いやツッコミ入れてる場合じゃない。千代女が体を擦り付けてくるせいで、ぼくの「ぼく」が変態なことに……!
ダメだこれは! ア、アカン! ァ、アァ、あァー!!
「────何をしているのですか、貴方達は」
煮えたぎった脳みそが噴火する、その瞬間。刃のように刺々しい声音が思考を遮った。
見れば鉄格子の向こう側に白いメイドの姿。彼女はぼくたちに穢らわしいものを見るような大変冷たい眼差しを向けていた。
そりゃあ、自分のウチで盛られたらそんな眼にもなるだろう。
だけど待ってほしい。許可もなく人の部屋(?)を覗き込んできたこのメイドさんにも問題があるとぼくは思う。

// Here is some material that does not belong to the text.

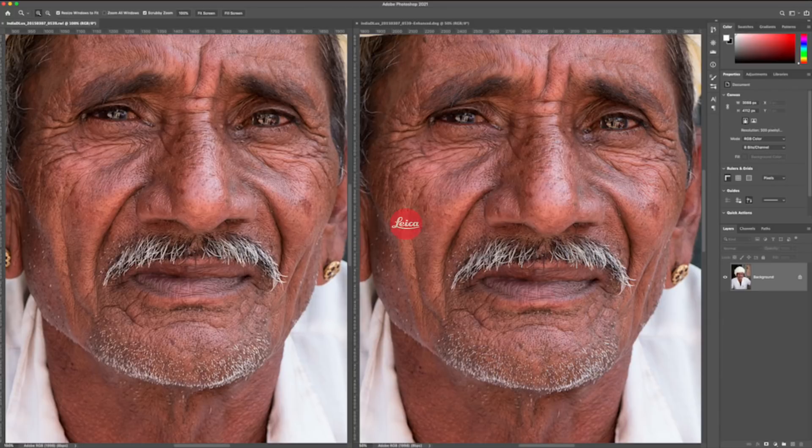Hi, I'm Nick Rains from Leica Academy Australia. In this video, we're going to take a quick first look at the Super Resolution mode in Adobe Camera Raw.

「…………あの、ノックぐらいしてほしい、です。ぼくたちにもプライバシーというものがあるので」
不満を込めてそう言うぼくを、メイドさんは鼻で笑った。
「ご自身の立場を理解できていないようですね。貴方は捕虜、如何なる権利も認められない存在です。……というか、そもそもの話、この鉄格子のどこをノックしろというのですか」
このメイドさんの名はセラというらしい。イリヤの二人いる従者の内の一人で、主人と似て雪のように白い髪と赤い眼をしている。
ちなみにもう一人の従者のリーゼリットという人も同じ容姿なのでパッと見ると判別しずらい。
しかしぼくは見分け方を心得ている。
ポイントはそう、胸だ。
セラはまな板も同然だが、リーゼリットはメロンもかくやという程に豊かな胸部をしている。そこを比べれば一目瞭然である。
そんなことを考えていると、セラがギロリと睨みつけてきた。
「今、何か卑賤な思考を巡らせましたか?」
「ひぇっ、いえ、何も……」
「そうですか。ならば結構です」
セラは牢屋を開ける。
「出てください、衛宮遊喜。お嬢様がお呼びです」
「……わかった、です。千代女は?」
「出すわけがないでしょう。……ああ、念の為言っておきますが強引に脱出しようとしても無駄なことです。この牢には一等強力な対霊加工が施されていますから、 バーサーカーならばいざ知らず、貴女程度の英霊がこれを破ることはできません」
「念押しされるまでもありませぬ。霊体化はできず、宝具も使えない。この様ではこの牢を抜け出すことなどできないと、とっくに心得ております故」
ぼくがセラに手枷をつけられて連行されていく中、千代女はそう言って呑気に欠伸をした。